NAND Flash memory devices typically require associated error correction code (ECC) systems to provide data integrity given the frequency of bad blocks. Flash memory controllers typically include an error correction code (ECC) encoder 10E capability that can be enabled when required. With ECC enabled a programming operation includes the generation of a set of redundant parity or check bits that are calculated using the data bytes to be stored in the sector or block. The ECC bits are written to the memory along with the corresponding data. When the data is read back, the ECC bits are also read, and the ECC Decoder 10D system uses the ECC bits for error detection and correction within the system's limitations. The number of errors that can be corrected depends on the design. When writing data and ECC information to a page, the ECC information can be written as a contiguous set of bytes that is, in effect, appended to the data, it is also possible to interleave data and ECC information. The ECC check bits are calculated from a predetermined unit of data, which does not necessarily correspond to the page size. Thus the ECC unit is sometimes called a sector to distinguish it from a page.

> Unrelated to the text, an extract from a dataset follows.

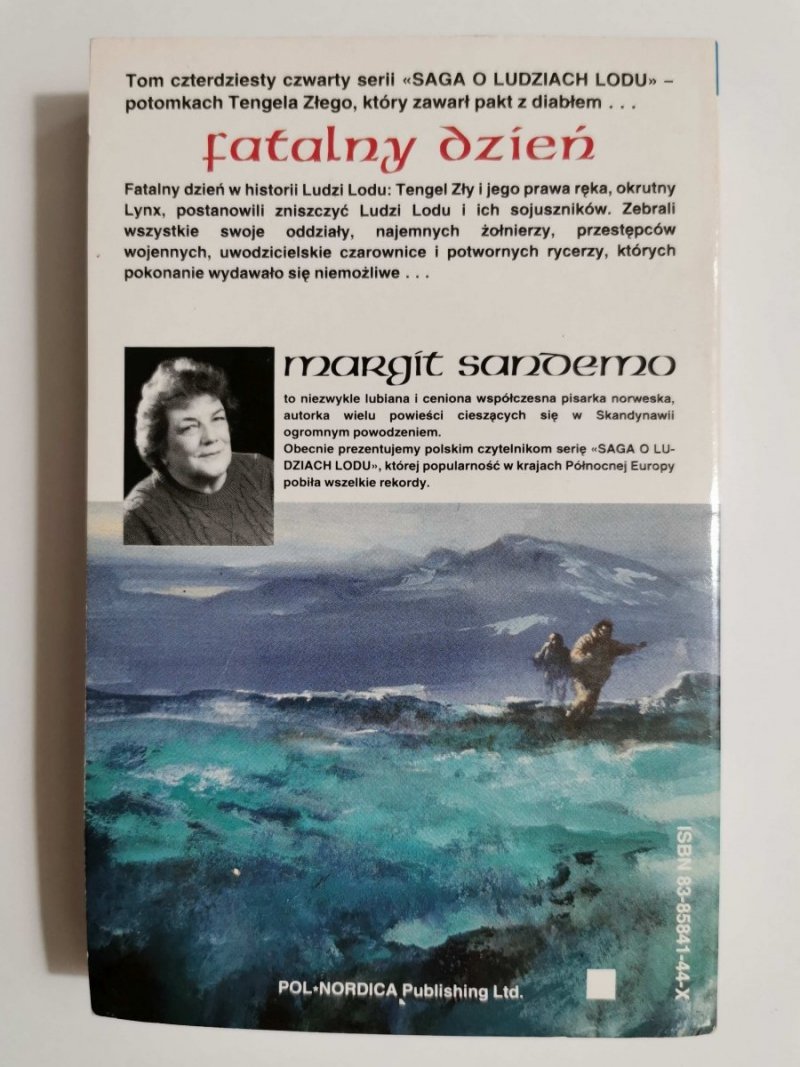 SAGA O LUDZIACH LODU TOM 44 Margit Sandemo 1996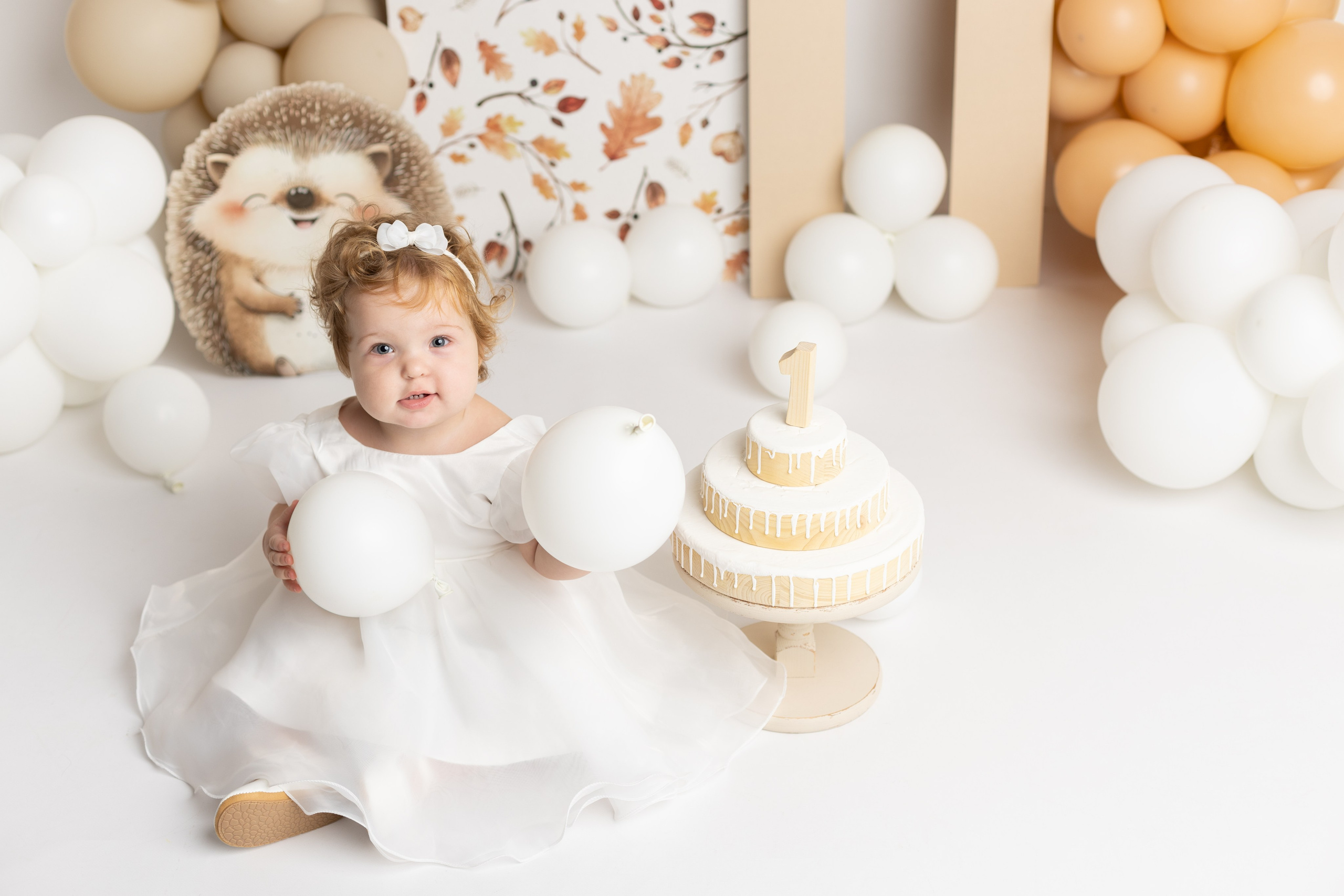 Фотосессия к первому дню рождения. Фотограф новорожденных, детский фотограф в г. Оренбурге Екатерина Козлова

ECC engines (encoders and decoders) can be embedded in the controller chip hardware or ECC can be provided externally by hardware or software. A NAND Flash controller can implement on-the-fly correction by using a buffer to store data while the ECC decoder performs the computations needed for the correction. The ECC algorithms that are often mentioned for use with Flash memory are Hamming codes, Reed-Solomon codes and BCH codes. Bose-Chaudhuri-Hocquenghem (BCH) codes, which are a type of cyclic error-correcting codes that use finite fields, are the subject of the present application. BCH codes are advantageous in that they allow an arbitrary level of error correction and are relatively efficient in the number of gates required in a hardware implementation.
A multi-bit error correction based on a BCH code for a memory is described in US patent application 20120311399 by Yufei Li, et al., published Jun. 12, 2012. The error correction process includes repeatedly shifting the BCH code and, at the same time, determining whether the number of errors decreases.
In US patent application 2011/0185265 by Cherukari, published Jul. 28, 2011, agile encoder for encoding a linear cyclic code such as a BCH code. The generator polynomial for the BCH code is provided in the factored form. The number of factored polynomials (minimal polynomials) chosen by the system determines the strength of the BCH code. The strength can vary from a weak code to a strong code in unit increments without a penalty on storage requirements for storing the factored polynomials.
U.S. Pat. No. 6,519,738 to J. Derby (Feb. 11, 2003) describes a cyclic redundancy code (CRC) computation based on state-variable transformation. The method computes a CRC of a communication data stream taking a number of bits M at a time to achieve a throughput equaling M times that of a bit-at-a-time CRC computation operating at a same circuit clock speed. The method includes (i) representing a frame of the data stream to be protected as a polynomial input sequence; (ii) determining one or more matrices and vectors relating the polynomial input sequence to a state vector; and (iii) applying a linear transform matrix for the polynomial input sequence to obtain a transformed version of the state vector.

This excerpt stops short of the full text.